● ABOUT THIS TASK:
Would you return the data exactly as given, except for its pictures?

● DATA SECTION:
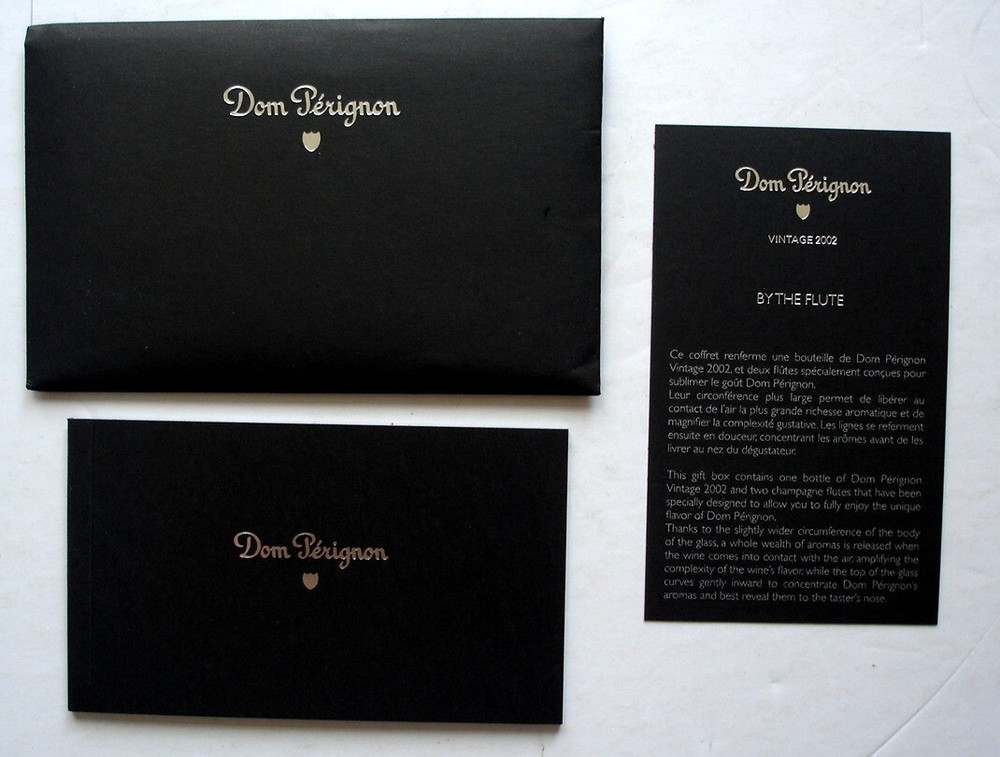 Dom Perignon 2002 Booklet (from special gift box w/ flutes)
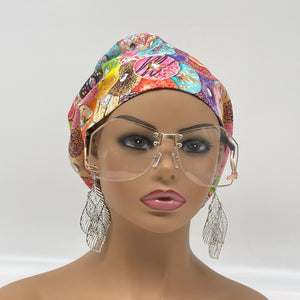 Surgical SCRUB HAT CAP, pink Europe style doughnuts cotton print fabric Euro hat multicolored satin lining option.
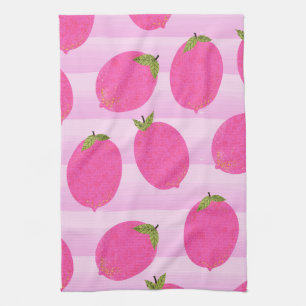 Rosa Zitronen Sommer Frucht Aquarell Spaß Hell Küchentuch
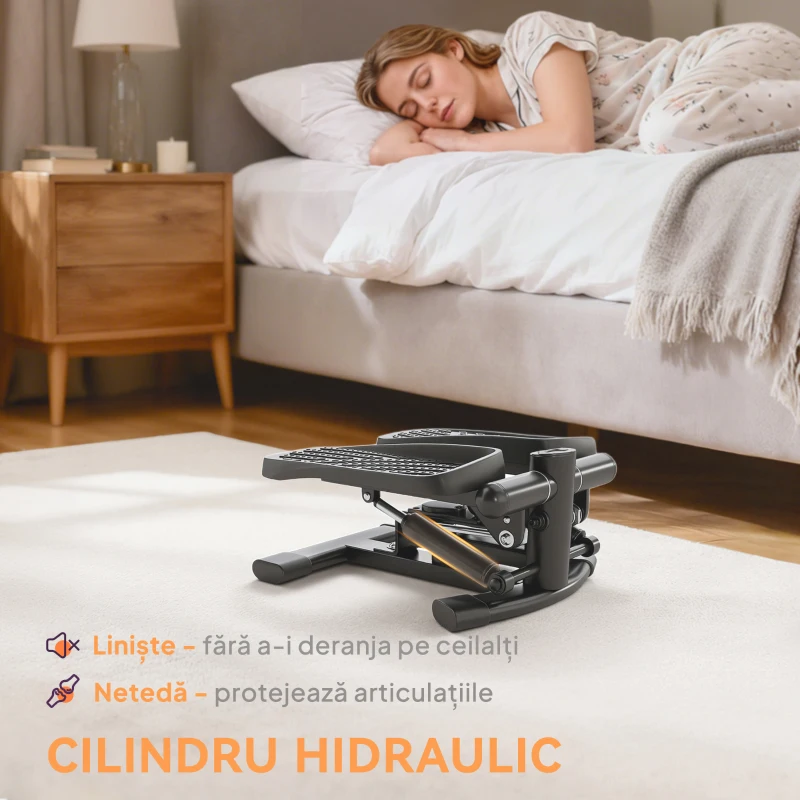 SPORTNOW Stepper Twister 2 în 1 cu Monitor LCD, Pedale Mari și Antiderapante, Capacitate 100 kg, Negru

● EXERCISE SOLUTION:
 Dom Perignon 2002 Booklet (from special gift box w/ flutes)
 Surgical SCRUB HAT CAP, pink Europe style doughnuts cotton print fabric Euro hat multicolored satin lining option.
 Rosa Zitronen Sommer Frucht Aquarell Spaß Hell Küchentuch
 SPORTNOW Stepper Twister 2 în 1 cu Monitor LCD, Pedale Mari și Antiderapante, Capacitate 100 kg, Negru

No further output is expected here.